Je trouve aussi que ce texte parle comme il faudrait...

On ne peut échapper, au risque du chaos, à une certaine linéarité pour tracer, au moins l'arabesque, pour dessiner quelque chose, d'humain...

Fishturn a dit…

"Même si la majorité d'entre nous n'en a pas encore pris conscience, la plupart des notions qui ont permis à notre identité, et à notre rapport à l'autre de se construire est en train de se remodeler et changer de nature. "
Avenement de nouveaux paradigmes qui reconfigurent notre réalité.

Ceci est la révolte des formes.

la révolte a dit…

Fish,
Effleurer des doigts les mouvements de l'air du temps...

Cette approche, plus "délicate", à plusieurs mains, dessert nos freins...

e-cedric a dit…

La page de commentaires tangue ou c'est moi (ouééé).
Les limites de la "métaphore de la ligne" sont-elles atteintes ?
Dans les changements de paradigme, ne change-t-on pas de métaphores (et si oui, avant ou après avoir conscience du changement) ?
Je ne vois pas le chaos comme une fin en soi, mais comme une étape, volontaire ou pas.
Si les formes se révoltent, qu'elles se révoltent vraiment !

La révolte des formes a dit…

e-cedric,
L'absence de cap, de commandant, désoriente, nous allons peut-être directement au naufrage... je cherche un passage, une ouverture, une déchirure dans la toile. Je fais le pari de changer de géométrie, de choisir le grêlé, le disloqué, le tordu, l'enchevêtré, l'entrelacé... Je varie au gré des "zigs" et des "zags"... ça tangue fort, il faudra peut-être rapidement revenir au port... Je ne sais pas où je vais, c'est le vrai plaisir...peu importe, il n'y a que des nulle part, et pas d'ailleurs pour s'échapper...

J'entends "révolte" comme "désobéissance", "insoumission", "insubordination", refus de se laisser assujettir à un ordre établi...
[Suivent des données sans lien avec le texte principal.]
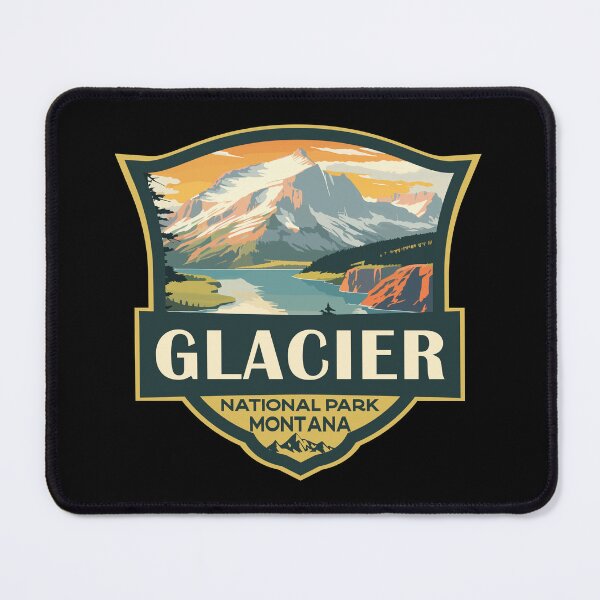 Artikelvorschau, Glacier Nationalpark Illustration Retro Abzeichen entworfen und verkauft von KrisSidDesigns.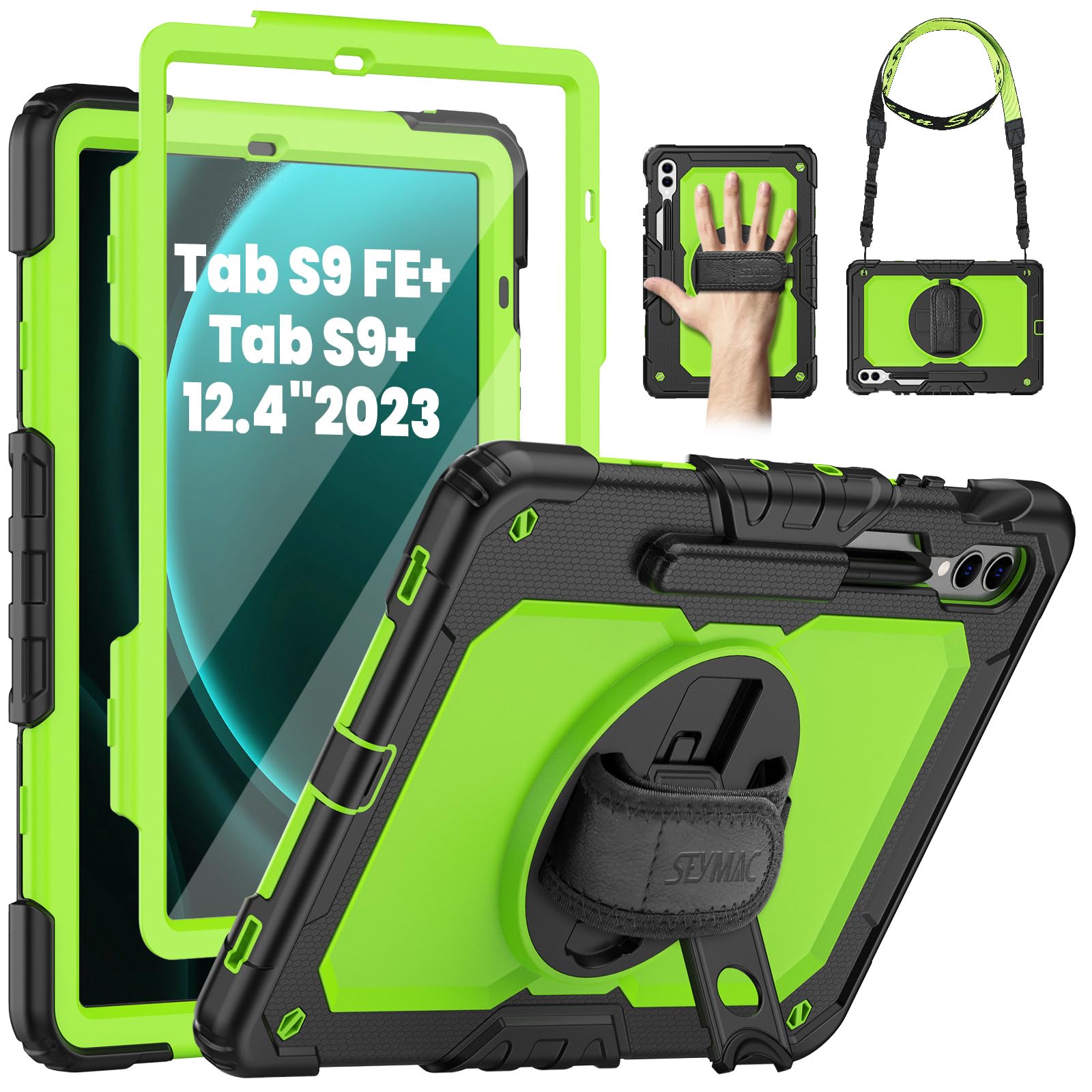 SEYMAC Case for Samsung Galaxy Tab S9 FE+ Plus 5G/ Tab S9+ Plus Case 12.4" 2023 Release, Heavy Duty Shockproof Protective Case with Screen Protector, Stand, Hand/Shoulder Strap and Pen Holder, Green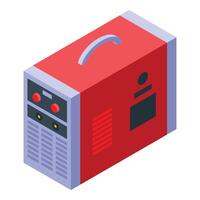 3d isométrique illustration de une rouge portable Puissance Générateur vecteur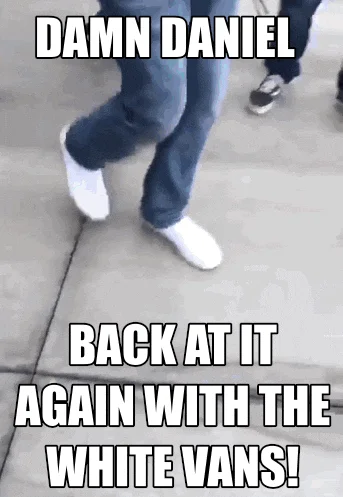 The iconic white Vans shoes at the heart of the meme.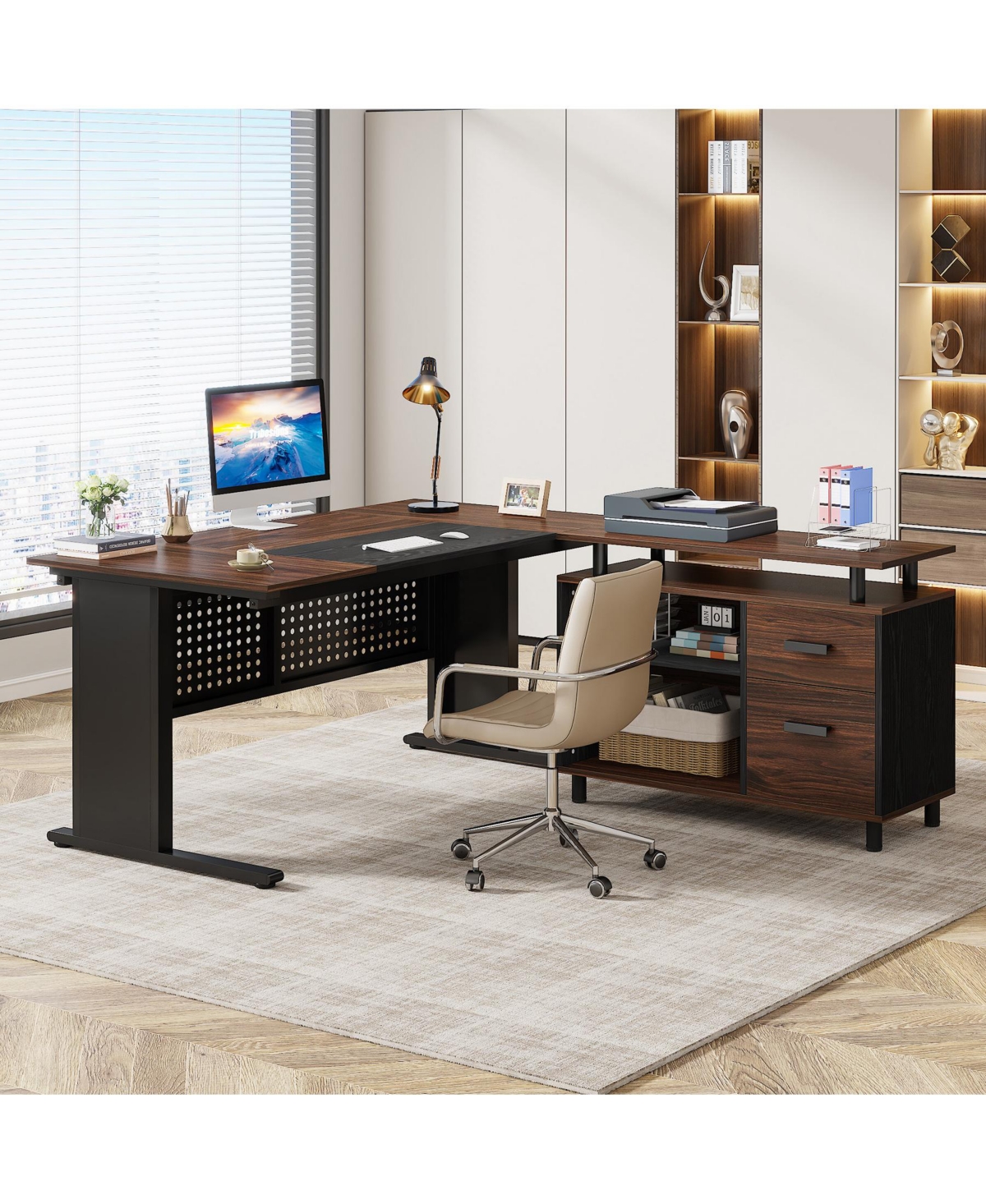 Tribesigns 63 Inch Executive Desk with File Cabinet, Large Office Desk L Shaped Computer Desk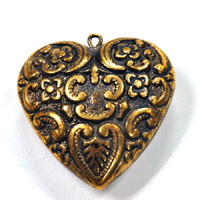 37mm Antique Gold Baroque Heart Pendant Charm, pack of 6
Merci d'accepter de monter quand même à bord...;-))

e-cedric a dit…

J'en suis.
Je testais les effets de la gîte.
J'ai confiance. Pas de naufrage en vue. Tant que nous sommes plusieurs.

Albert Einstein a dit…

Nous voilà bien...

La théorie, c'est quand on sait tout et que rien ne fonctionne. La pratique, c'est quand tout fonctionne et que personne ne sait pourquoi. Ici, nous avons réuni théorie et pratique : Rien ne fonctionne... et personne ne sait pourquoi.

lr a dit…

cedric, albert ;-),
On est dans la période de déménagement. Peut-on inventer un autre monde , s'y installer, et emménager ?

Fishturn a dit…

Faire sa maison dans des feuillages touffus, et voir si le désordre naturel est bien fait. S'il protège de la pluie

lr a dit…

Fishturn,
Maison qui se tient dans l'ouvert, où l'accueil est sans limites ...

Fishturn a dit…

Une délicate intention des formes.

Nathan Stillson a dit…

Bon ben...Ca fonctionne, il n'y a pas de pourquoi. Y que qui que soit être.